Moi et mon cheveu, le cabaret capillaire
Cie La Part du pauvre
Texte : Marie-Louise Mumbu
Conception et mise en scène : Éva Doumbia
Chorégraphie : Cie N’Soleh
Costumes : Sakina M’sa
Lumières : Érika Sauerbronn
Scénographie, vidéo et archives : Laurent Marro
Direction musicale : Lionel Elian, Lamine Soumano,
Avec Tété Alhinho, Alvie Bitemo, Aminata Coulibaly, Fatoumata Diabaté, Laïla Garin ou Mariella Santiago, Lamine Soumano, Lionel Elian, Éva Doumbia, Jenny Mezile, Massidi Adiatou.

Éva Doumbia, une metteur en scène marseillaise d’origine franco-ivoirienne qui n’a pas froid aux yeux, ose un spectacle protéiforme, hybride et surtout échevelé. Elle nous invite à un curieux voyage, un de ces voyages qui décoiffent… bien loin des futilités du monde de la cosmétique et qui, contre toute attente, rejoint celui de la route des esclaves. Nous enfourchons le cheveu crépu pour une aventure tragique et drôle à la fois, pleine de dérision et d’émotion aussi. C’est le vaste territoire d’une identité meurtrie que nous traversons, celle d’un peuple que l’histoire a contraint de se construire en tournant le dos à lui-même. Pour se sauver, il n’a eu d’autre choix que le bluff et le camouflage, à commencer par « son » cheveu, dissimulé sous des tissages, sous des perruques, des tignasses devenues de véritables masques, refusant la boucle crépue et la touffe bourrue pour le cheveu lissé, matière liquide et ondoyante. D’approche pédagogique et jamais moralisatrice ou culpabilisante, la force du spectacle et de ne laisser personne sur le bord, ni le Blanc qui ne connaît pas l’univers des salons de coiffure de Château Rouge et le phénomène que dissimule savamment le monde de l’esthétique afro pour laisser croire à la réalité de ces chevelures ondoyantes qui ne sont que postiche et artifice, ni la jeune femme noire qui n’imagine même pas d’abandonner le défrisage. Éva Doumbia aborde le propos sur un autre terrain que celui de l’esthétique et de l’élégance, elle en fait un vrai sujet anthropologique et métaphysique : le cheveu est le fil vivant de la mémoire, une mémoire de souffrance, car la transmission a été amputée par l’esclavage, et la contrainte d’oublier, de se transformer, de se fondre pour être accepter par le regard dominant et ses normes et surtout sauver sa peau. Le propos n’est jamais didactique ou dénonciateur, aucune violence, mais Éva Doumbia nous donne de quoi écarquiller les yeux des plus aveugles et des plus insensibles, tout en s’amusant, car les comédiennes, les danseuses, danseur, chanteurs, chanteuses et musiciens déploient une maestria et une énergie qui emporte le spectateur.

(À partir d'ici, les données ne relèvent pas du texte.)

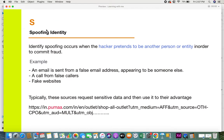The first one is Spoofing Identity. Identity spoofing occurs when a hacker pretends to be another person or entity in order to commit fraud. Usually to perform a particular action you should be an authorized person, whether in a business or within an application. With spoofing, since people do not have the privilege to commit some activity, what they do is pretend to be someone in order to give wrong information or extract information.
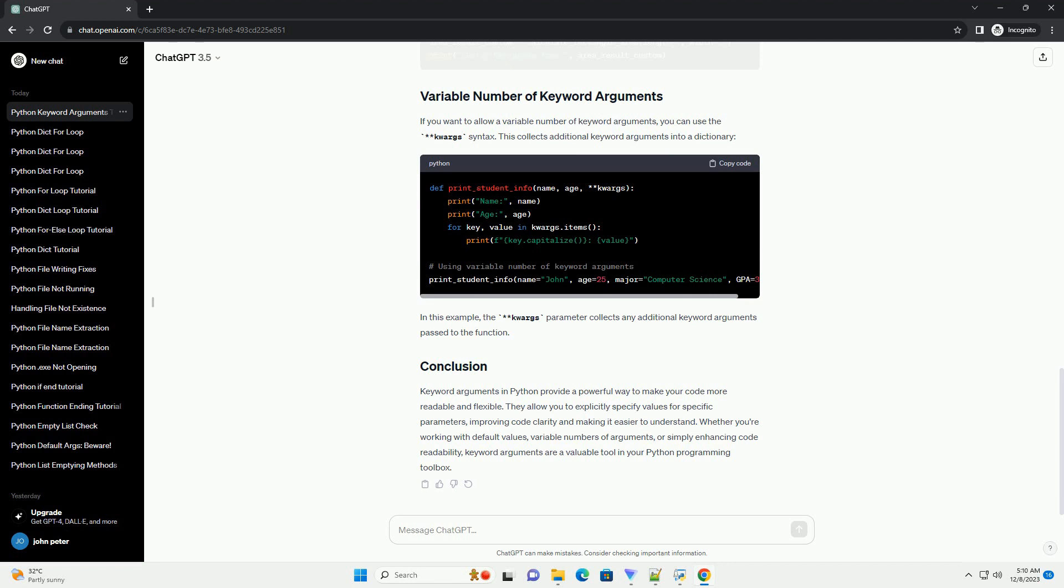You can also combine keyword arguments with default parameter values. Let's modify our rectangle area function to have default values. Now you can use the function with default values or override them using keyword arguments.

Et quand Éva Doumbia ose, elle ne fait pas les choses à moitié. Elle a su s’entourer d’artistes qui pouvaient partager son univers et regarder dans la même direction, comme la Congolaise Marie-louise Mumbu qui a prêté ses mots au spectacle et écrit les textes. Les voix sont d’abord d’une extrême intensité, les chorégraphies conçues par la Compagnie N’Soleh, dynamiques et inventives, occupent le plateau avec une belle vitalité et surtout les comédiennes tissent les styles chorégraphiques, les formes contemporaines et africaines, et même des danses assez « hot ». Rien ne manque des robes très sophistiquées, avec volants hispanisants ou taille prise de poupée au Wax le plus coloré en passant par les coiffes à l’égyptienne et même le string panthère. Éva Doumbia commence le spectacle par une devinette, celle de cet amoureux qui coupe pour le Marabout qui le lui a demandé une mèche de cheveu de celle dont il veut s’attirer les faveurs et dont il aime tant la chevelure. Mais, au rendez-vous que le Marabout a convoqué grâce à ses sortilèges sur la mèche de cheveu, c’est un cheval qui se présente… La révélation du tissage, qui ouvre le propos, structure finalement l’esprit du spectacle et son esthétique. Ce sont les danses, les chants, les images, les témoignages documentaires ou littéraires et la diversité des langues aussi qui résonnent et se tissent avec le français, les langues du Cap vert et du Brésil, qui ramènent l’Amérique latine, l’Afrique, les États-Unis. On assiste à une forme scénique créolisée, un monstre qui avance en toute simplicité et nous embarque avec force dans un tourbillon de plaisir. C’est le monde noir qui surgit avec ses sons ses formes ses voix, ses nuances chromatiques de toute sorte et sa dispersion extrême.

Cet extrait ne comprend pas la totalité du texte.